Given the way the US public freaked when Japan occupied a few lumps of rock off the coast of Alaska, it’s fair to say Hawaii being annexed would probably have sent the county nuts. In the end, though, Yamamoto’s superiors disagreed. Pearl Harbor was bombed, but Hawaii itself spared.

6. Pancho Villa’s Successful “Mexican Invasion”

There are very few people who aren’t dead, 19th century Brits who can say they successfully invaded the US and burned an entire town. Pancho Villa is one of those people. A Mexican Revolutionary leader, he started life as America’s golden boy in the huge unrest happening south of the border. But then the government of Woodrow Wilson switched support to his rival, Venustiano Carranza, and threw Villa under the bus. Villa responded by unleashing hell on any American who crossed his path.

First, he managed to kidnap 18 Americans inside Mexico and had them all slaughtered. But his crowning achievement came on March 9, 1916. Followed by a band of 1,500 guerillas, Villa crossed the border onto US soil. His troops surrounded the small town of Columbus, New Mexico. A few hours later, the citizens were dead, and Columbus itself was in flames.

It marked the last time in US history that a town on American soil was laid siege to and destroyed by foreign attackers.
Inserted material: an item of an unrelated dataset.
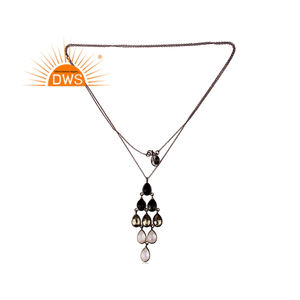 Fabricant de bijoux, collier pendentif en argent sterling naturel multi-pierres, design artisanal dernier cri - Product Image 3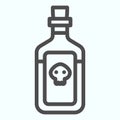 Poison can line icon. Potion in the glass bottle with skull sign. Halloween vector design concept, outline style Royalty Free Stock Photo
The US responded by invading Mexico, supported by Carranza’s government. Although the carnage they caused was enough to dissuade Villa from ever attacking America again, they were unable to capture the rebel leader. Villa wouldn’t be assassinated until 1923.

5. Japan Partially-Occupies Alaska

Although Pancho Villa’s ‘invasion’ of New Mexico would be more dramatic, it was the Japanese occupation of Attu and Kiska that really scared the public. That’s because both are part of the island chain that makes up the far-western fringe of Alaska. And while Alaska wasn’t yet a state in 1942, it was an American territory. In the same way that we’d freak out about a hostile force occupying Puerto Rico today, Americans of the time went loopy at Attu and Kiska’s annexation.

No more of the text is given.